Woodchuck’s Guests

This is a page to accompany a discussion of these large-shouldered, burrowing rodents who are celebrated on February 2nd – and fretted over throughout the growing season by aspiring Northeastern gardeners.

While woodchucks do tend to relentlessly raid humans’ vegetable patches, they’re also well known and appreciated for other interesting characteristics. Woodchucks (who are also called Groundhogs or, to use the scientific term, Marmota monax) are almost exclusively vegetarian. Over hundreds of thousands of years, they have evolved to cope with the yearly rhythms of variable food supplies (and cold temperatures!) by developing superb capacities for hibernation. They’ve evolved behavioral and physiological adaptations that allow them to carry out this feat of ‘suspended animation.’ In late summer, and early fall, they eat voraciously and add a thick layer of insulating and energy-storing fat to their body. This accomplished, they retreat to the deep, leaf-lined chambers that they have dug and furnished during the growing season. Once there, some six feet below ground, they can drift into a deep state of unconsciousness and remain safely below the wind and snow for the next five or six months. During hibernation, their heart will beat only five or six times a minute. They’ll only breath every five minutes or so, and their body temperature will drop to an average of forty-five degrees F. (compared to their normal temperature in the mid nineties F.). In this state of profoundly slowed metabolism, this deep ‘sleep,’ they’ll endure the winter without eating! Only two other mammals in Southern New Hampshire have this remarkable ability to hibernate profoundly – the jumping mouse and the little brown bat.

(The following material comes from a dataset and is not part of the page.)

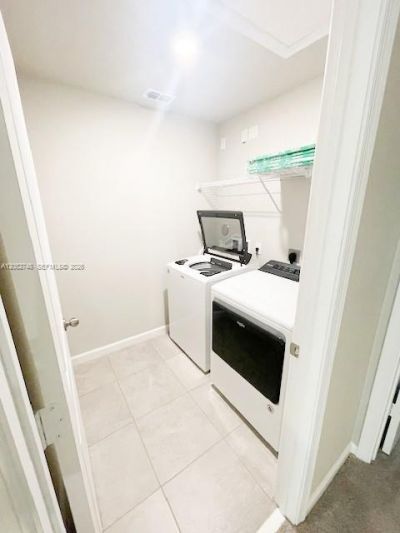 3939 SE Mentmore Ln , Unit 3939, Stuart, FL 34997 Photo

Woodchucks are also outstanding contributors to the workings of the forest ecosystem. Their vigorous digging and excavating mixes the minerals and organic material in the various levels of soil. Their activities bring more oxygen into the lower layers. Moreover, the tunnels that they create (and often reuse over the course of multiple years) provide fine habitat and shelter for several dozen different kinds of animals – large and small.

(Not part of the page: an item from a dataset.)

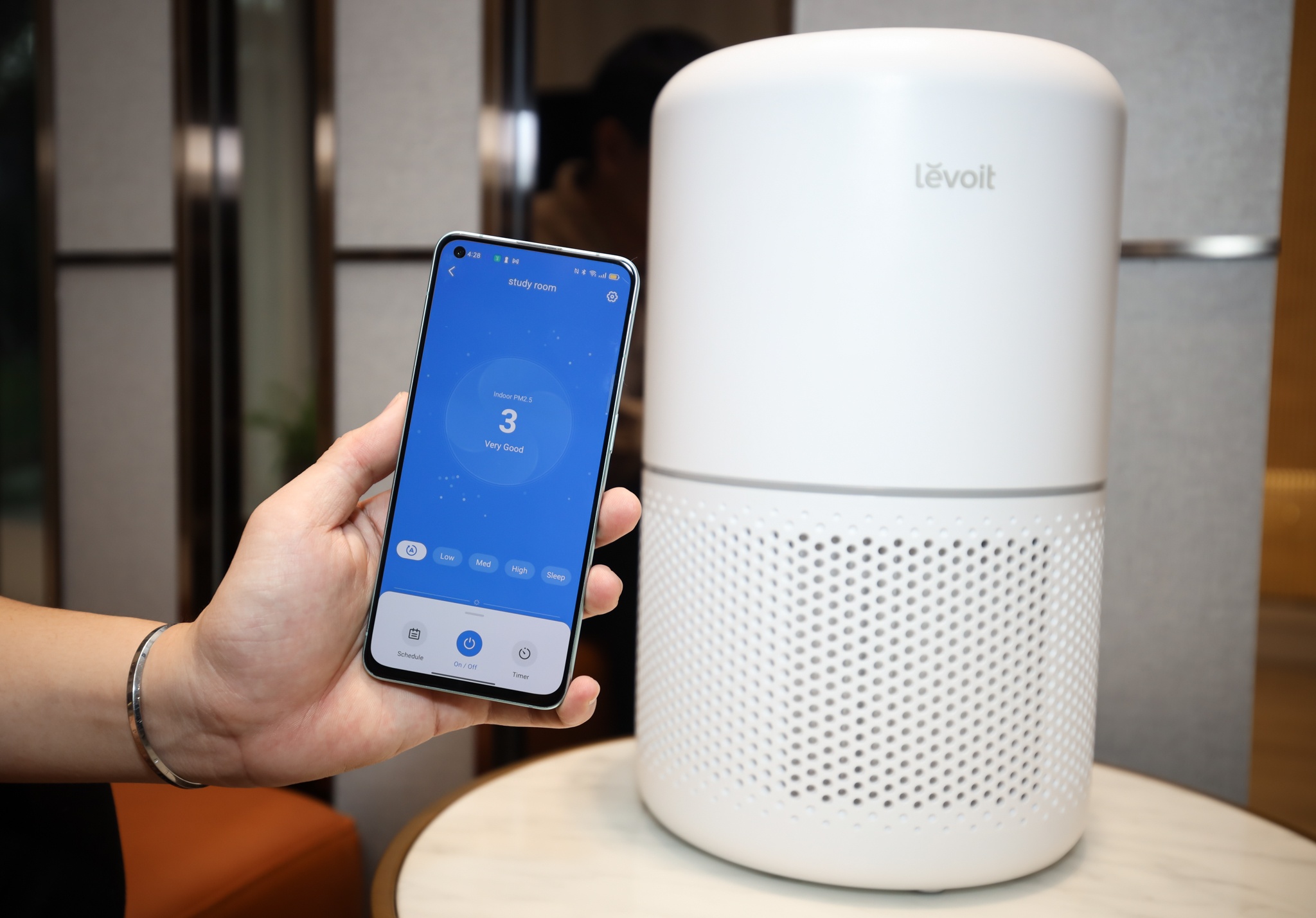 chat luong khong khi,  cham soc suc khoe anh 13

To appreciate a few of the many creatures who find shelter in woodchucks’ underground tunnel systems , invite the students to color, cut out, and construct an interactive page that features some of woodchuck’s guests. As usual, the dashed lines around the different animals indicate a suggested path for trimming. The dotted lines represent a place to fold. Several of the creatures are presented in such a way that once they’re cut-out, they can be hidden under the folded tabs which bear the identifying words. Show the youngsters how this works by making a quick sample. Once the colored animals have been cut out, and the youngsters have told each other a story or two with their moveable creatures, encourage them to attach the various beings to appropriate places around the tunnels or landscape. Glue sticks work very well for this. Now they can take their project home. If they like, they can also ask fellow students, friends, and family members to guess who’s finding shelter in their woodchuck’s den. In this way, they can share with other people their new understanding of the ‘whistle pig’s’ role in his or her ecosystem – as a provider of habitat and homes for a number of other species.

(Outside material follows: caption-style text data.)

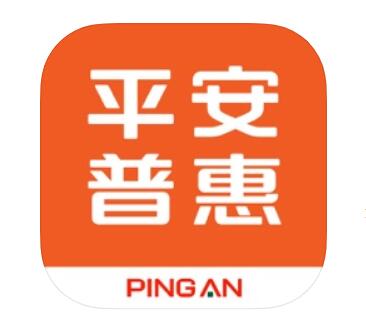 平安普惠(平安普惠官方借款App)最新版本下载更新使用问题说明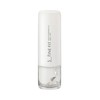 Sofina Fine Fit Base Foundation Milky 118 Oak SPF 24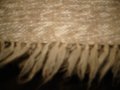 Нови ръчно тъкани китеници 100% вълна в бежово, сиво и тъмнокафяво, снимка 11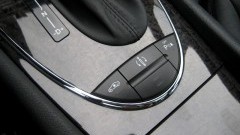 Schoon geweten - Mercedes-Benz E300 BlueTEC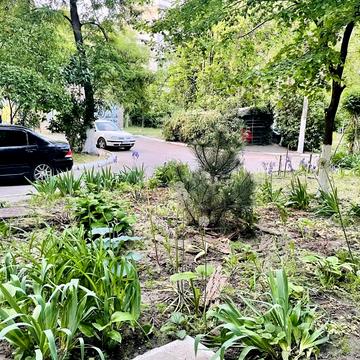 Продаж,  Квартира,  3 кімнати,  63 м²,  Небесной Сотни проспект,  Таирова,  Одесса
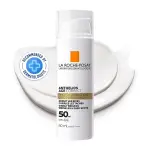 La Roche Posay Anthelios Age Correct SPF50 50ML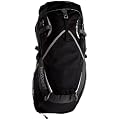 Berghaus Freeflow 30+6 Men's Backpack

Hints about placing the various ‘guests:’ North American Cottontail Rabbits do not tunnel – unlike their European, North African, and Asian relatives. Therefore, the cottontail rabbit would tend to rest in the upper level of the burrow near one of the doorways. Red fox is probably just walking by, checking into the tunnel system. She is of course a carnivore who might eat some of these other animals if they weren’t safely hidden away inside the narrow rooms of the tunnel system. Red Fox will need to do a little remodeling (definitely widening the main entrance and tunnels) if she decides to return in the spring and use parts of this den as a home for her kits.

Recommended references:

Tracking and the Art of Seeing, 2nd. ed. Rezendes, Paul. New York: Collins Reference, 1999.